Kuzma reunites with boyhood buddy Morris after trade originally appeared on NBC Sports Washington
Washington snagged the point guard they needed on Wednesday when they traded Ish Smith and Kentavious Caldwell-Pope to the Denver Nuggets in exchange for Monte Morris and Will Barton.
On the court, the trade satisfies a major need for the Wizards as they bolster their depth at point guard with Morris and add a savvy two-way wing for extra depth with Barton. But beneath the basketball X’s and O’s, a much deeper connection has emerged with the duo’s arrival in D.C.
Wizards forward Kyle Kuzma took to Twitter to voice his elation at the team acquiring Morris. Not only does he get a reliable floor general to share the court with, but Kuzma and Morris seem to have preexisting chemistry as teammates. All you have to do is go back to 2003 to find that connection.
Kuzma tweeted that he and Morris were teammates once before: in the second grade. Per his tweet, Kuzma and Morris “said we would play on the same NBA team together” at the time of their childhood partnership. Lo and behold, 19 years later as they both enter their sixth year in the pros that prophecy could come to fruition at the start of the 2022-23 season.

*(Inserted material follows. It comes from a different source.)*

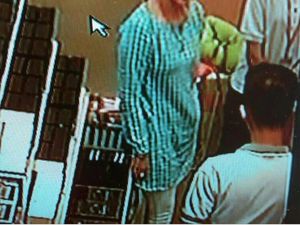 Viral! Perempuan Ini Tinju Pramuniaga di Karawang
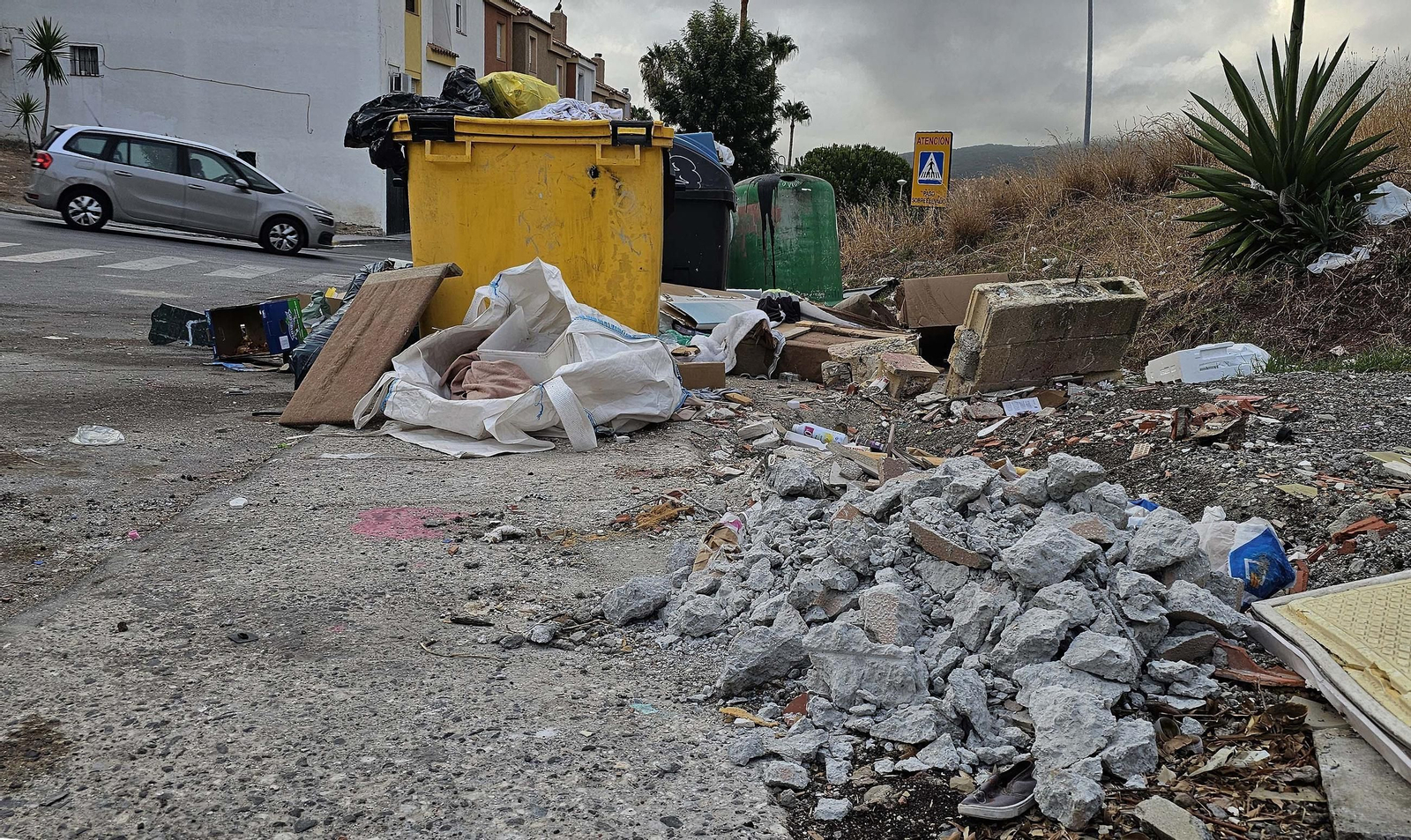 Las escombreras ilegales de Algeciras, en imágenes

Kuzma and Morris were both born in Flint, Michigan 27 days apart in 1995. They grew up together, often competing against each other on flimsy toy hoops that hung over doors in the Kuzma household, per an ESPN story in 2020.
They went to separate high schools and eventually competed against each other. Kuzma went to the University of Utah and Morris went to Iowa State before they both would get drafted in 2017 — Kuzma to the Lakers at No. 27 and Morris to the Nuggets at No. 51.
It wouldn’t be until the 2020 NBA playoffs in the bubble when they would face each other at the biggest stage of the sport. Kuzma’s Lakers, en route to a championship, would defeat Morris’ Nuggets 4-1 in the Western Conference Finals.
Now, the two boyhood buddies reunite in the nation’s capital. Basketball has taken them all over the country only to see them pair up as Wizards.
Youth connections aside, Morris and Kuzma could prove to be an efficient combination for Wes Unseld Jr.’s squad this season. Kuzma led the team in points and rebounds last year, while Morris has shot nearly 40% from three-point range across his five-year career — a major statistical weakness in Washington last season.
Washington still has many question marks entering the later days of summer. Bradley Beal’s contract status has yet to be worked out, the team is reportedly still in the market for added weapons, and free agency only officially begins on Thursday. Still, even with all those matters hanging in the balance, the Morris-Kuzma connection is an unexpected storyline that reunites two childhood chums in D.C.